But here I am talking about a bug on the system, Even if I was awake there is no way to change suddenly -8000 V/s without eny reason-fuel is manged, F/d works. If this happend on your maschine what you will do? Changing spd till the plane decides to listen your command?
If the AP is not working as it should, I disengage it and take over manually - or try to (just three hours ago, I had the Shuttle entry AP kill me when I switched it to low energy logic before I could even figure out what it was trying to do...) As I would hope people do in reality.
So yes, I'd try to recover from stall by descending at a steep angle to recover speed and then pull out gradually. Usually does the trick.

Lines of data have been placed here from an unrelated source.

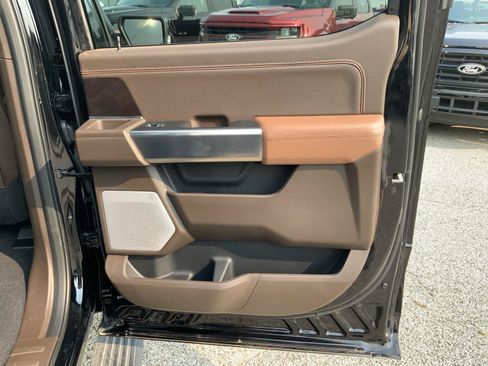 Used 2025 Ford F150 King Ranch w/ FX4 Off-Road Package AWD/4WD image 59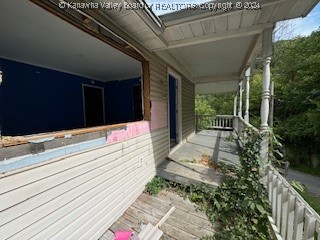 202 Shamrock Road Logan, WV 25601 - Photo 5 of 36 Gallery Image 5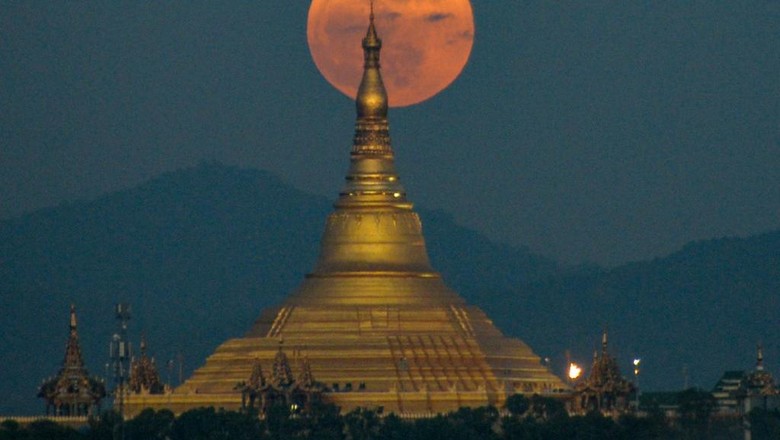 MYANMAR-ASTRONOMY Bulan purnama di pagoda di Naypyidaw (Photo by Thet Aung / AFP)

I am talking for unoperable plane, not for something else- I was alseep, computer decides to crush my plane. Without eny logic reason! And how the plane will stall with A/p when it's on cruise altitude? Without a loss of fuel! This is not logical, Thorsten, there is no logic reason for it!
Look, the reason there's pilots in cockpits who aren't supposed to be asleep is just that - you can't trust the machine to get it always right. You just can't.
The problem is not that computers act without logical reason - they're in fact very logical devices, they just have the annoying habit of executing commands literally and without thinking what they mean. So there probably was a perfectly good logical reason for what happened, the AP was trying to do *something* which it considered part of its instruction set - it was just not what you were expecting.
There's no reason to believe that the plane would have been inoperable for a human pilot - direct control problems are far more rare than AP problems (though they occur as well in fly-by-wire setups).